23 will now include additional terms:
Pr extension would be to produce a more accurate prediction of the error in temperature and species distribution in the domain.
8.3. Multiphase Flows
CFD is increasingly being applied to problems involving more complex physical phenomena such as gas/liquid or gas/solid flows. The prediction of sprays, particle-laden flows, and free surface flows require additional submodels and/or transport equations, coupled to the conservation equations for the carrier phase in the case of dispersed multiphase flows. Error prediction for such problems would be beneficial in assessing the validity of new physical models by isolating mesh-induced errors. Potential extensions to the error transport method include treatments for the source terms that provide for mass, momentum, and energy transfer between the carrier and dispersed phases, or treatments for assessing errors at a gas/liquid interface.
8.4. Transient Applications
The temporal evolution of spatial errors remains an area of challenging research. Research to date has not attempted to address temporal discretization errors, which may have a notable effect. At issue is how to separate errors due to the time-stepping scheme from errors caused by the mesh discretization when examining the spatial variation in the CFD solution. Transient flows, particularly LES, may involve an assessment of mean and fluctuating quantities, such as root mean square (RMS) pressure or velocity. In the future, the function library could include options for transient cases.

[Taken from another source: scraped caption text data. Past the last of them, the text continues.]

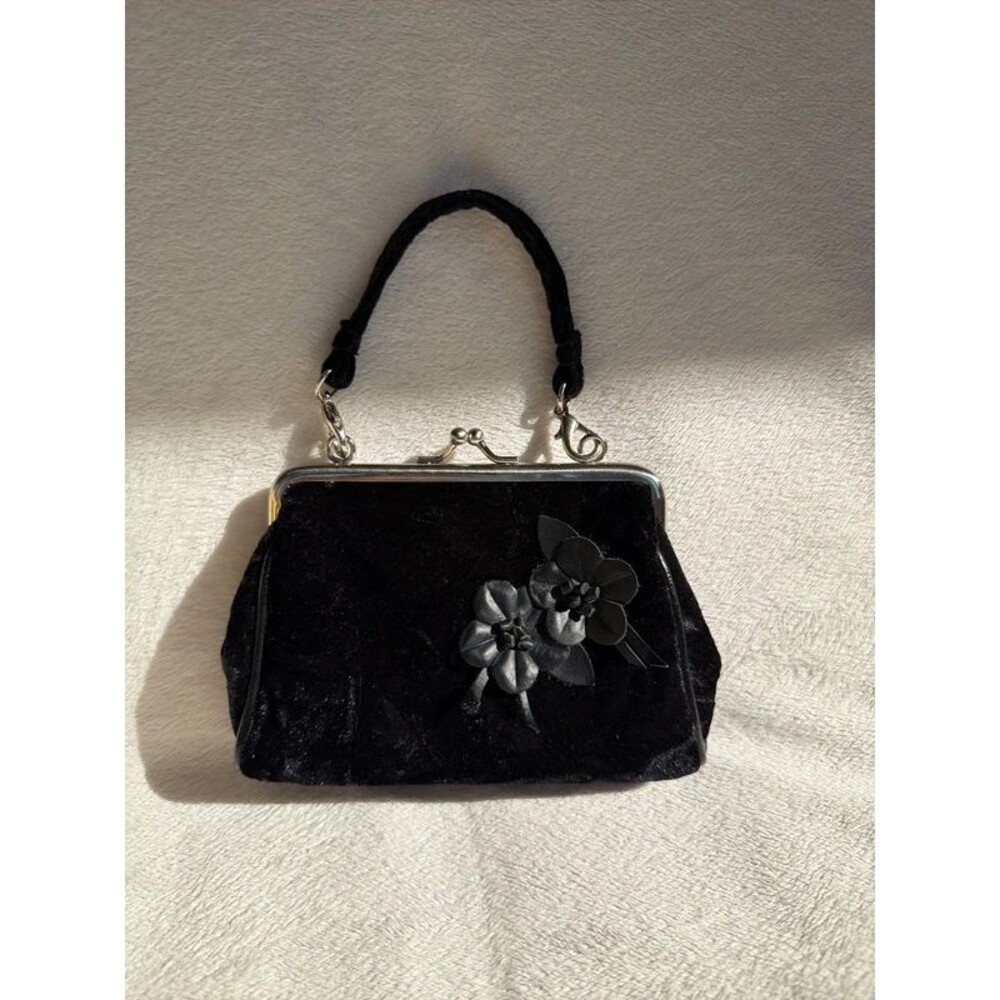 Y2K style mini clutch black coin purse handbag floral detail velvet whimsy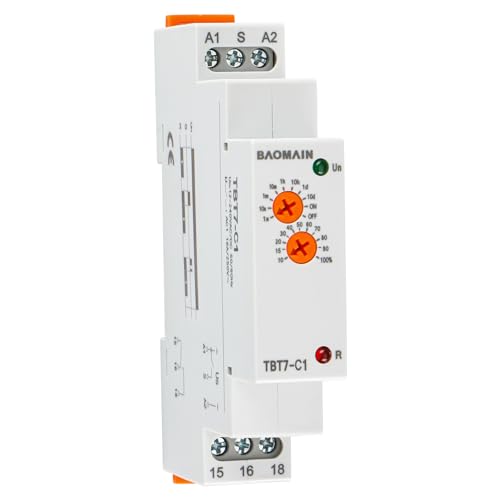 Baomain Relé temporizador multifunción, retardo de apagado, 16 A SPDT 12-240 VAC/DC, TBT7-C1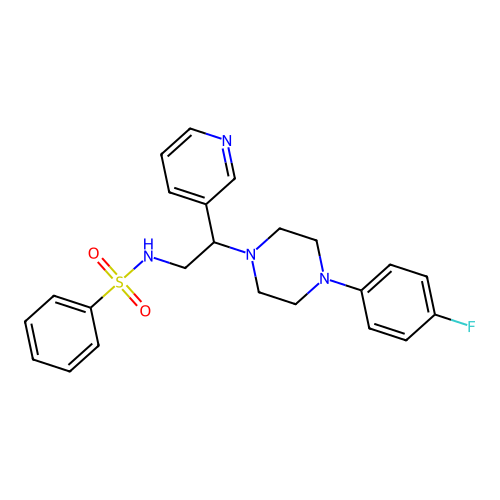 N-(2-(4-(4-fluorophenyl)piperazin-1-yl)-2-(pyridin-3-yl)ethyl)benzenesulfonamide structure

A natural extension of this problem class is to account for problems with moving or deforming boundaries. The additional aspect from a numerical perspective is the geometric conservation law (GCL). In problems involving moving meshes, the inviscid flux contains an additional term to account for the volume swept out by control volume faces in a given time step. Errors in this flux would certainly be an important element of error quantification for store release predictions, control surface deflections, missile staging, and similar applications.